This is Exercise 7.6.6 of Humphreys', "Linear Algebraic Groups".
The Question:
Show that the identity component $G^\circ$ of a linear algebraic group $G$ is a characteristic subgroup.
The Details:
The identity component is the unique irreducible component of $G$ of the identity $e$.
A subgroup $H$ of $G$ is characteristic if it is stable under all automorphisms $\varphi\in{\rm Aut}(G)$; that is, $\varphi(H)\subseteq H$.
Thoughts:
I think we could make use of the following in Humphreys (paraphrased).
Proposition 7.3.1: Let $G$ be a linear algebraic group. Then $G^\circ$ is a normal subgroup of finite index in $G$, whose cosets are the connected as well as irreducible components of $G$.
It takes care of showing $G^\circ$ is a subgroup.

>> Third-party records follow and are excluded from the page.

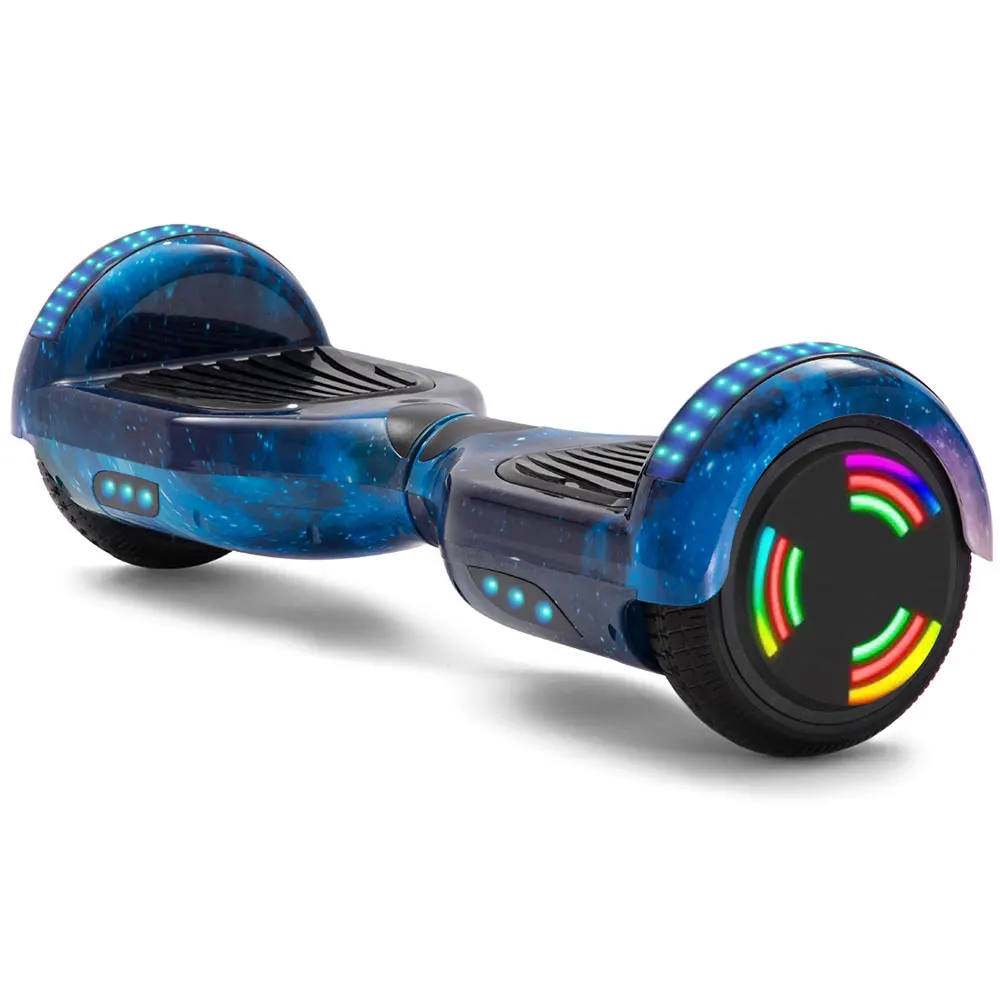 6.5-hoverboard1 (40)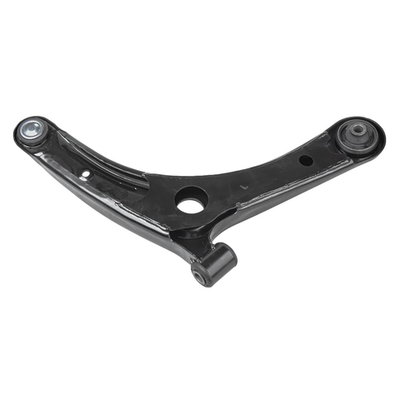 Рычаг передний нижний L MITSUBISHI ASX/Lancer/L200/Outlander / PEUGET 4007 GANZ GIL06015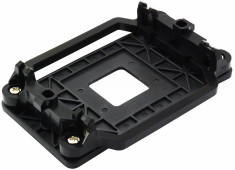 AAB Cooling Cooling AMD AM2 AM3 backplate/RM (CPR005)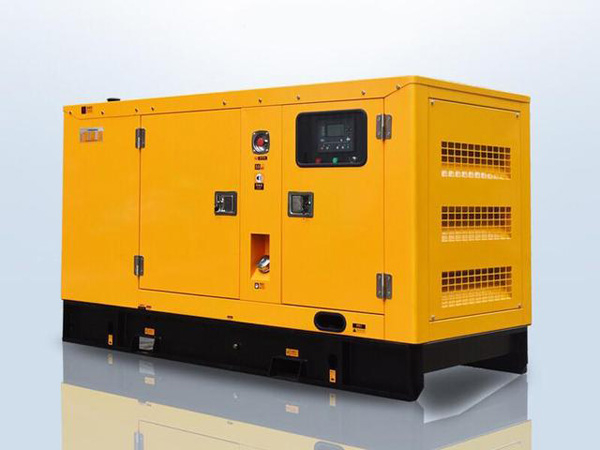 常德南方和北方的柴油发电机组的燃油消耗有区别吗？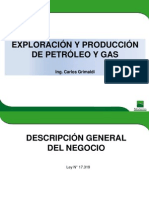 7 - Grimaldi - Presentacion Oil&Gas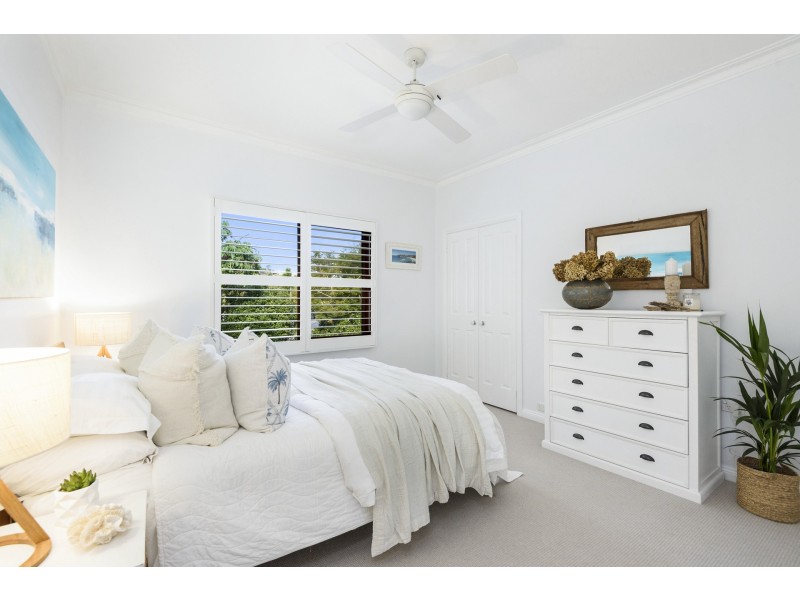 15A Dolphin Crescent, Avalon Beach NSW 2107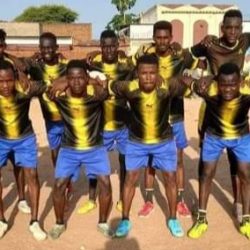 التنوع و موناكو صدام ناري علي نهائي دوري السلام بنيالا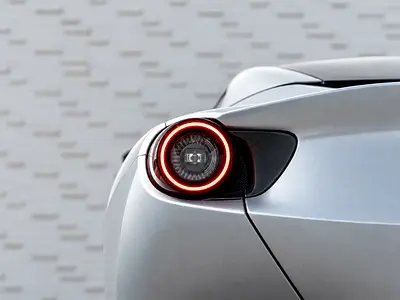 2019 Ferrari PORTOFINO photo 8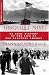The Unquiet Nisei: An Oral History of the Life of Sue Kunitomi Embrey (Palgrave Studies in Oral History)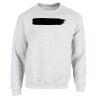 Unisex Heavy Blend™ Crewneck Sweatshirt Thumbnail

One idea I have is to hit $G^\circ$ with an arbitrary $\varphi\in{\rm Aut}(G)$. The normality might come into play but I think the main thing to exploit would be irreducibility.
Context:
For questions of mine involving irreducibility in the context of linear algebraic groups, see here; you will find the definition of irreducible I am familiar with in those. The best such question for our current purposes is: The components of a Noetherian space are its maximal irreducible closed subsets.

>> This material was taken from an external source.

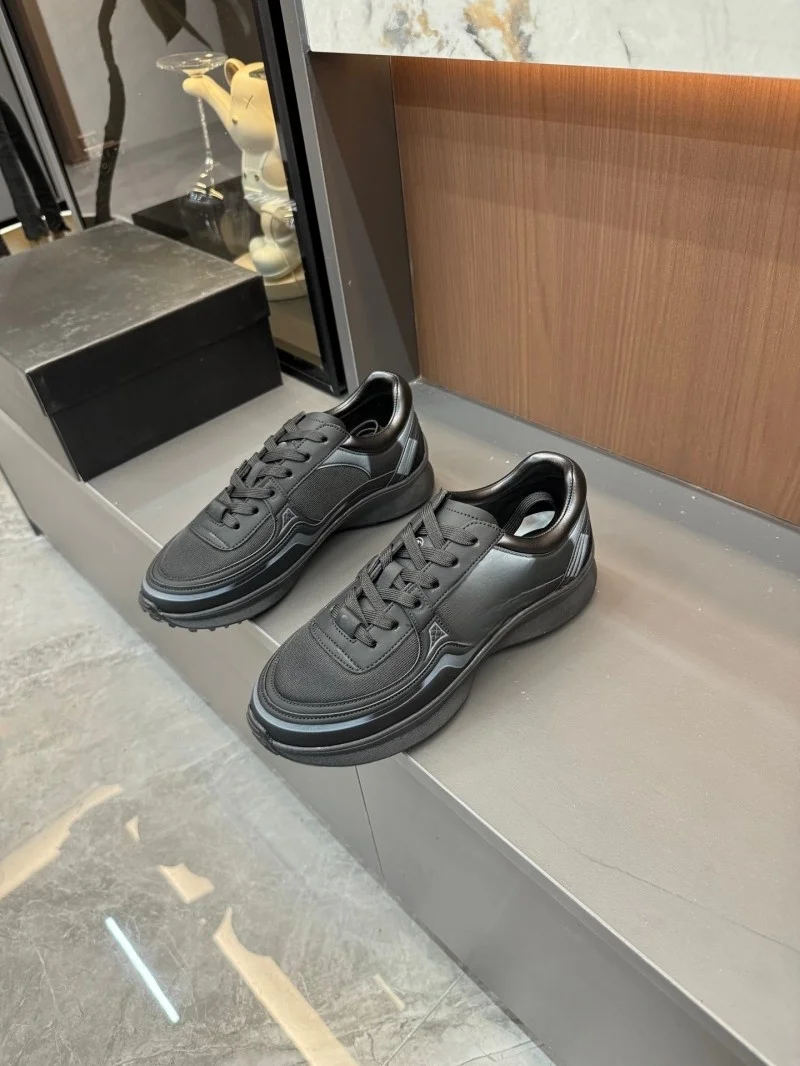 Fashion Breathable Women Running Shoes Spring Autumn Embroidered Flower Lace-Up Casual Sneakers Zapatos De Mujer
Fashion Breathable Women Running Shoes Spring Autumn Embroidered Flower Lace-Up Casual Sneakers Zapatos De Mujer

Two questions of mine on characteristic subgroups of abstract groups are:
- An abelian, characteristically simple group is divisible (supposedly).
- Let $G$ be f.g. with $H\le G$ s.t. $[G:H]<\infty$. Then $\exists K\le H$ with $K\sqsubseteq G$ and $[G:K]<\infty$.
Please help 🙂
Best Answer
If you already know $G^\circ\subset G$ is the unique irreducible component containing the identity $e$, then this is immediate.
Indeed, for any automorphism $\varphi$ of $G$, we have $\varphi(G^\circ)$ is also an irreducible component containing the identity $e$, so $\varphi(G^\circ)=G^\circ$ by uniqueness.